#### Required action
Although the records contain pictures, none belong in the copy: restate word for word only the lines from the one with "Are 18 yo latinas" through the one with "룰루레몬(LULULEMON) 셰이크 잇", both included.

#### Information supplied

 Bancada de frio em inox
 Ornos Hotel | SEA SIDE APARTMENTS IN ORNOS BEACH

* * *

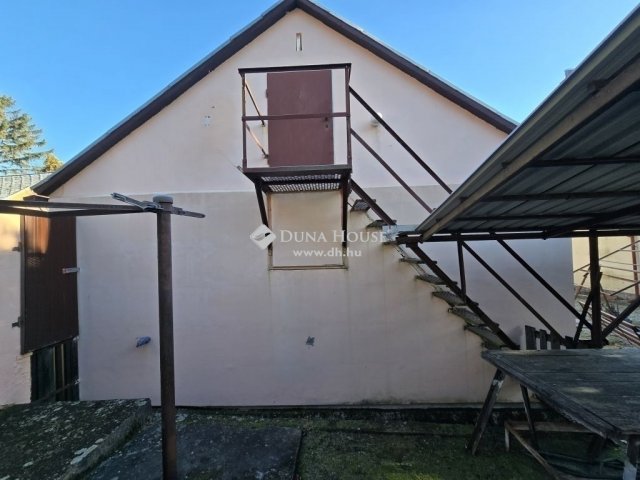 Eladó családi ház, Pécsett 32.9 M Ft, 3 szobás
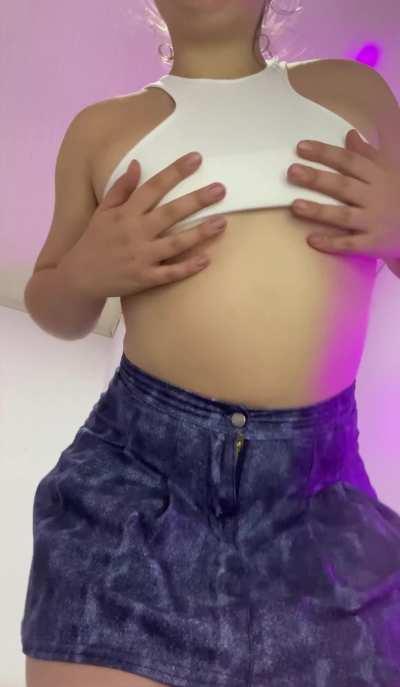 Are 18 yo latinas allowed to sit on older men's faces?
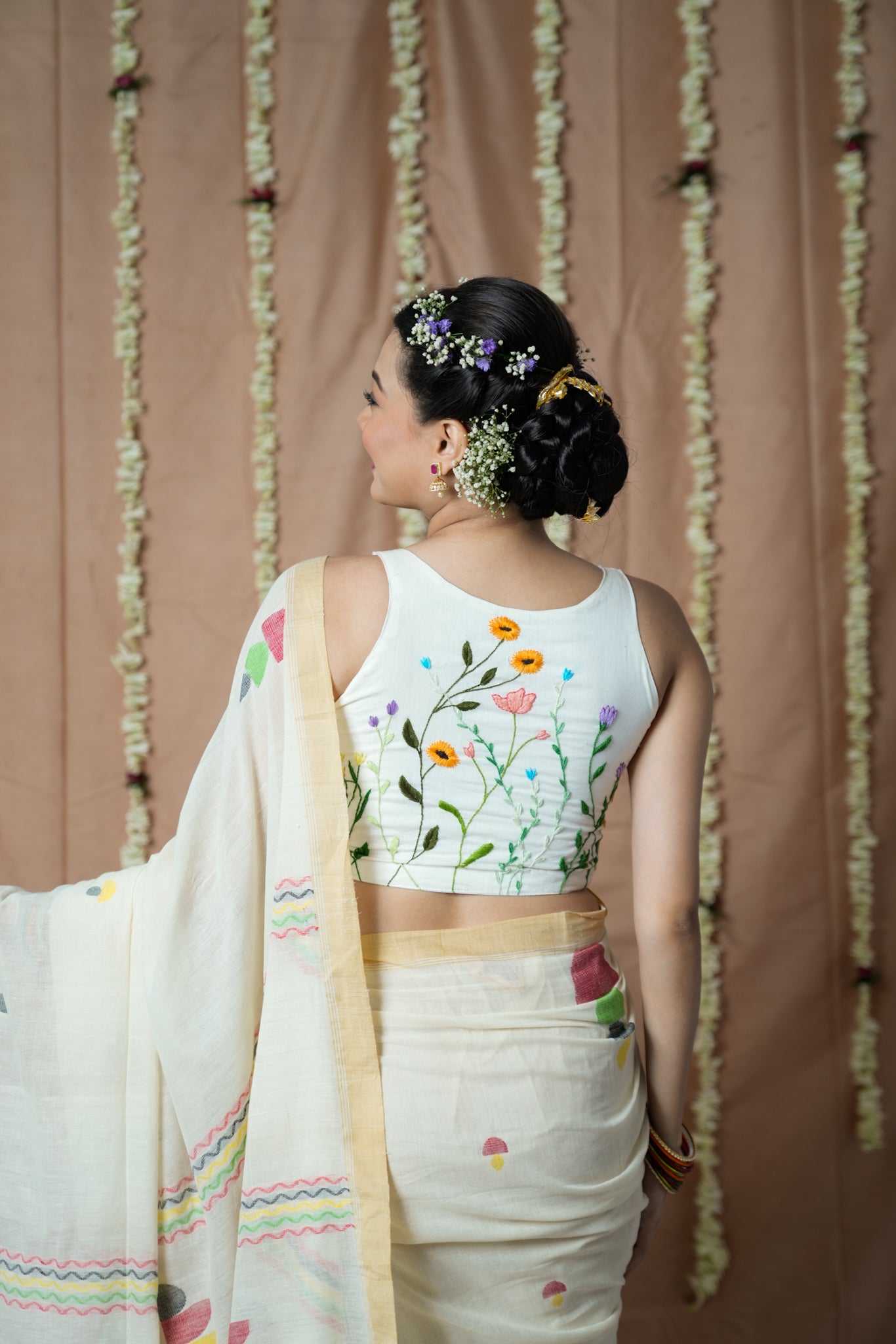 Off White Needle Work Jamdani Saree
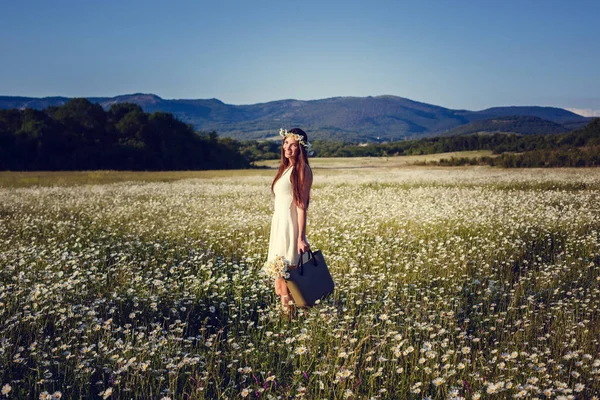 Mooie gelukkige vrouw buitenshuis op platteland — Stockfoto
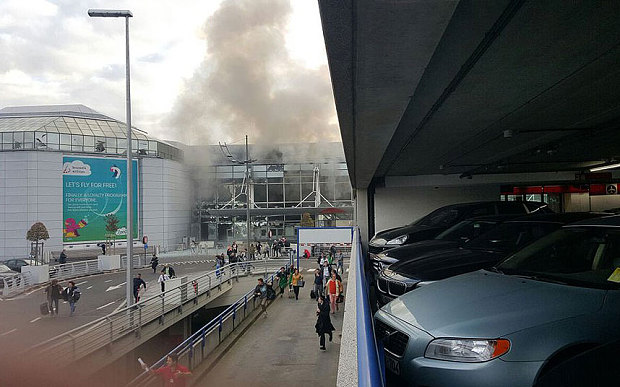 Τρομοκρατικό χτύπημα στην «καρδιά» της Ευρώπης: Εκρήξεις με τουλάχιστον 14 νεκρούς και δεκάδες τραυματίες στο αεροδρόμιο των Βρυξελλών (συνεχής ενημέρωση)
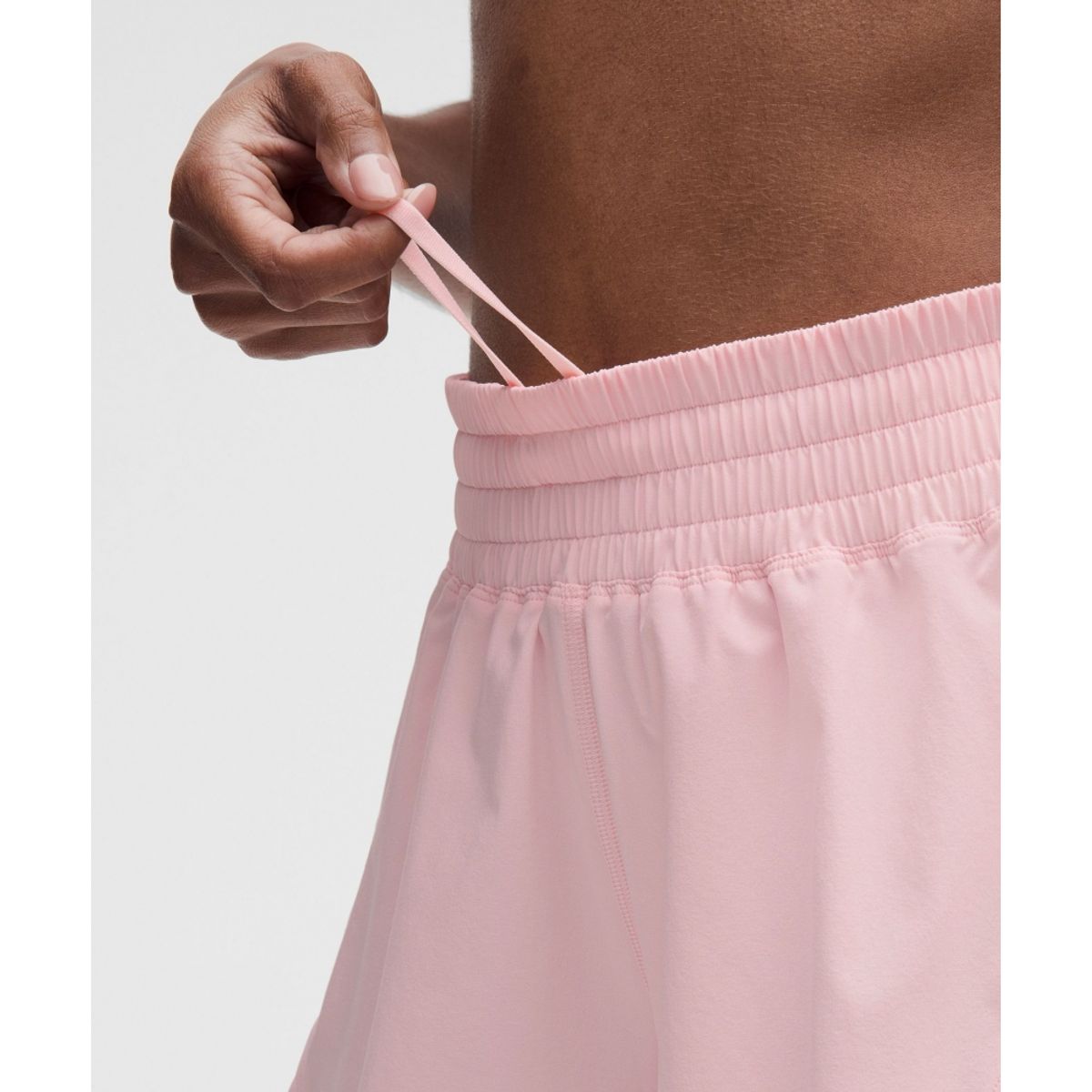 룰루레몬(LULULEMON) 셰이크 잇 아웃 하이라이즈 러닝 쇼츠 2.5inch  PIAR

#### Output
 Are 18 yo latinas allowed to sit on older men's faces?
 Off White Needle Work Jamdani Saree
 Mooie gelukkige vrouw buitenshuis op platteland — Stockfoto
 Τρομοκρατικό χτύπημα στην «καρδιά» της Ευρώπης: Εκρήξεις με τουλάχιστον 14 νεκρούς και δεκάδες τραυματίες στο αεροδρόμιο των Βρυξελλών (συνεχής ενημέρωση)
 룰루레몬(LULULEMON) 셰이크 잇 아웃 하이라이즈 러닝 쇼츠 2.5inch  PIAR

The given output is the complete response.